Exercise goal: From the line with "Home, Black U248" to the line with "Casual Overhemd Lm>State of Art Hot", retype each line exactly as it stands in the records below, but skip the pictures.

Information shown:
-*-*-

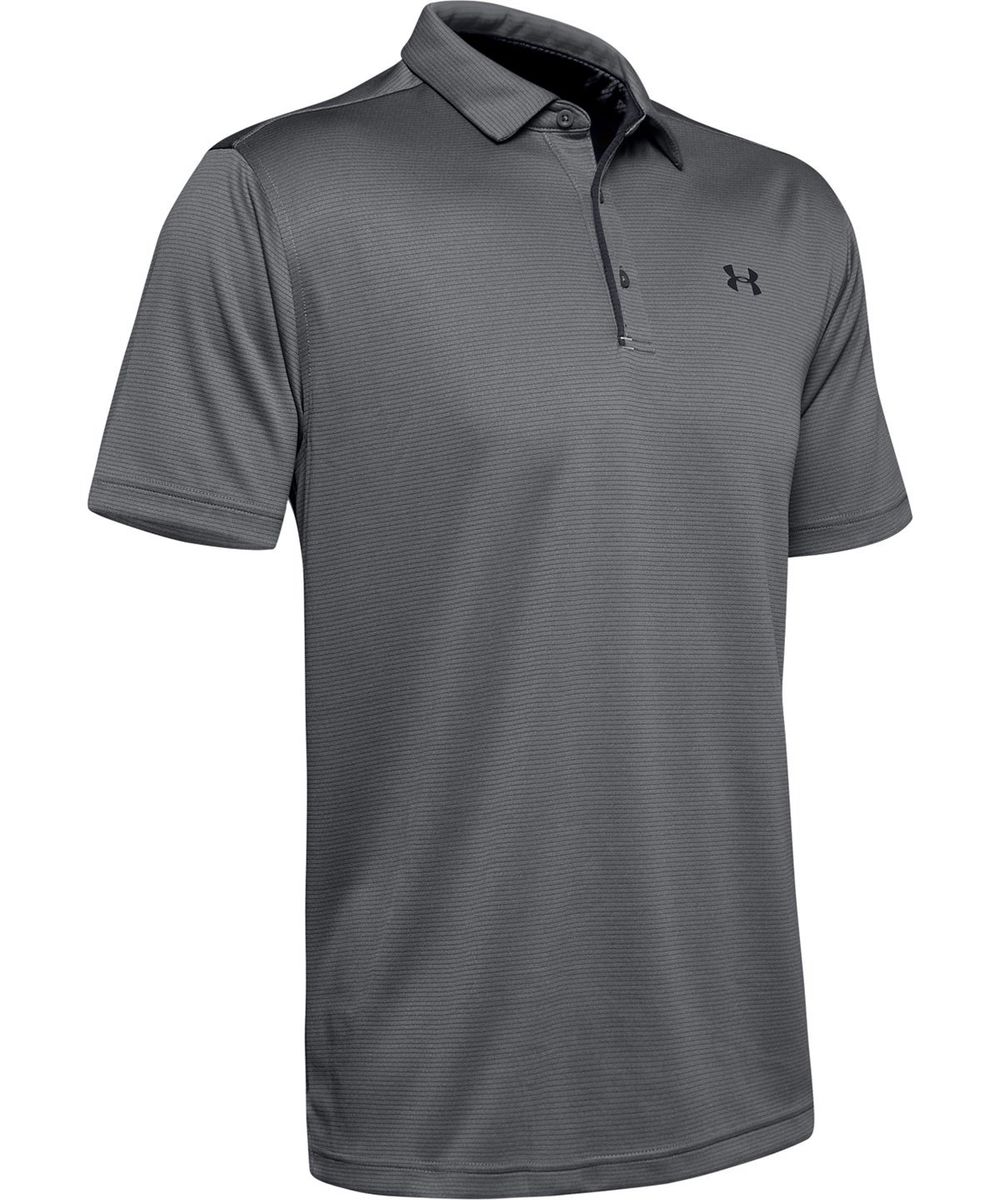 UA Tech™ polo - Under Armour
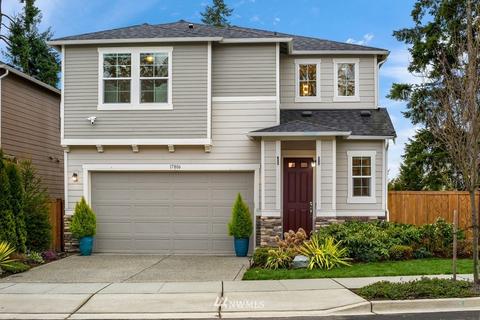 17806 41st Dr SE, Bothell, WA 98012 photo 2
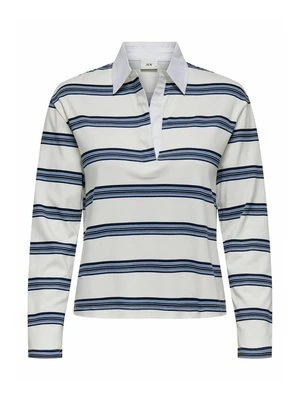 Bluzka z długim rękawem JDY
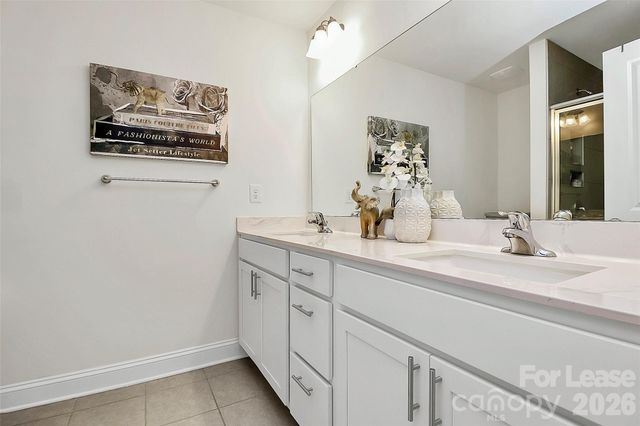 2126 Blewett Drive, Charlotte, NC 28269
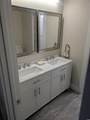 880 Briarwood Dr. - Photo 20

-*-*-

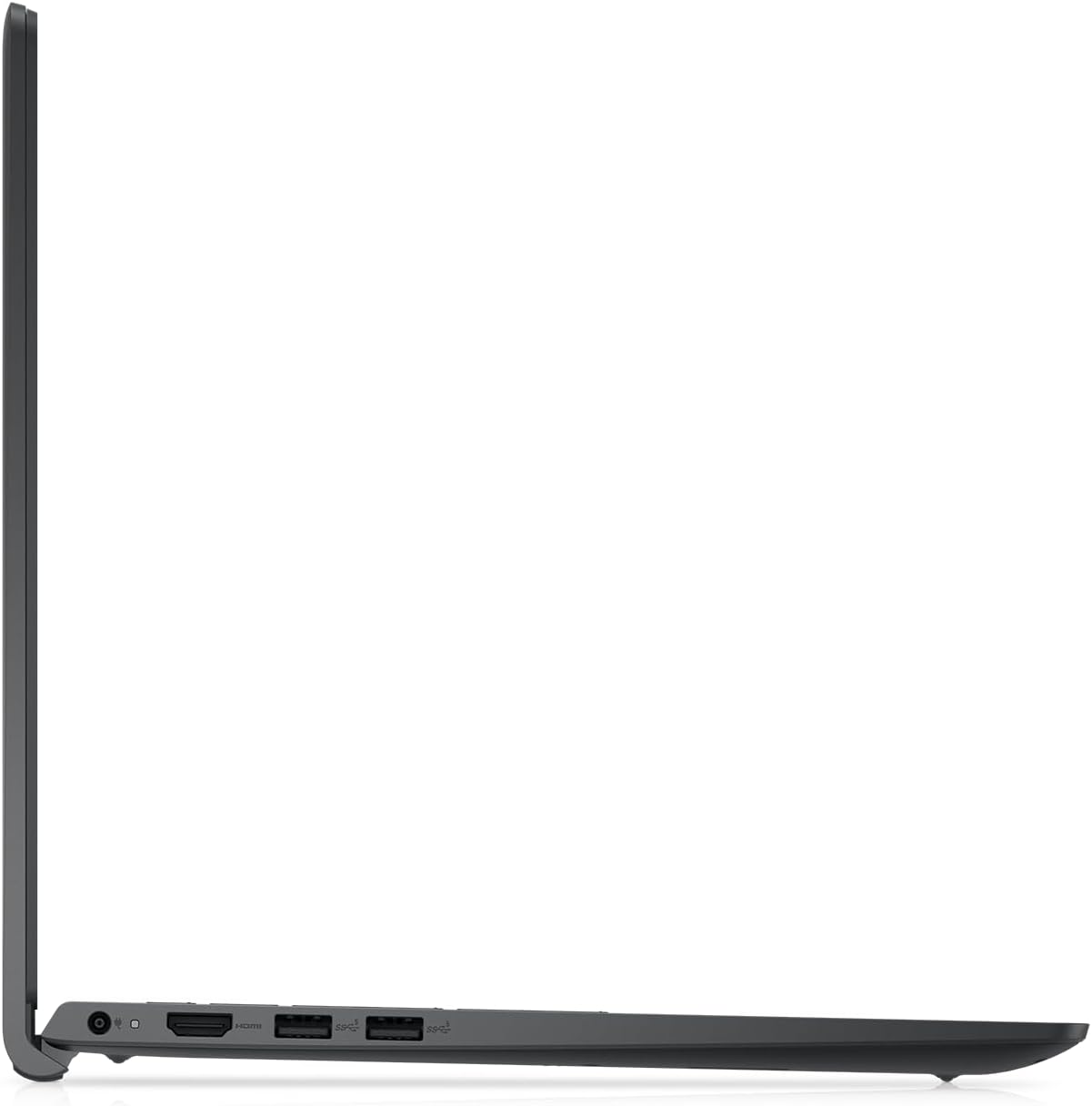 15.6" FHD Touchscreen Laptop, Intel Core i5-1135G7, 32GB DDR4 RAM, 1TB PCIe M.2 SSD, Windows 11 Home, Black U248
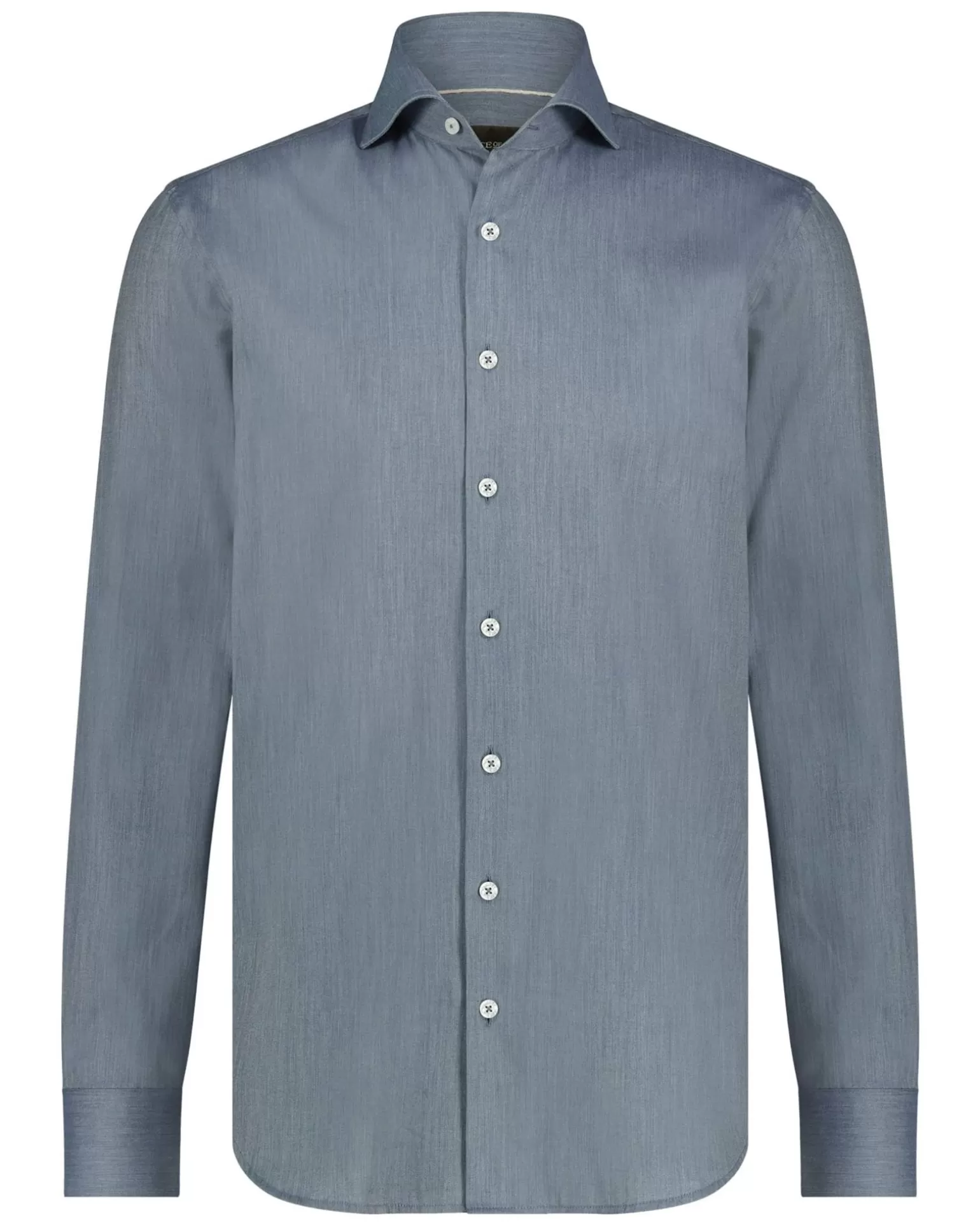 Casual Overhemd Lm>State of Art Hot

-*-*-

Written response:
 15.6" FHD Touchscreen Laptop, Intel Core i5-1135G7, 32GB DDR4 RAM, 1TB PCIe M.2 SSD, Windows 11 Home, Black U248
 Casual Overhemd Lm>State of Art Hot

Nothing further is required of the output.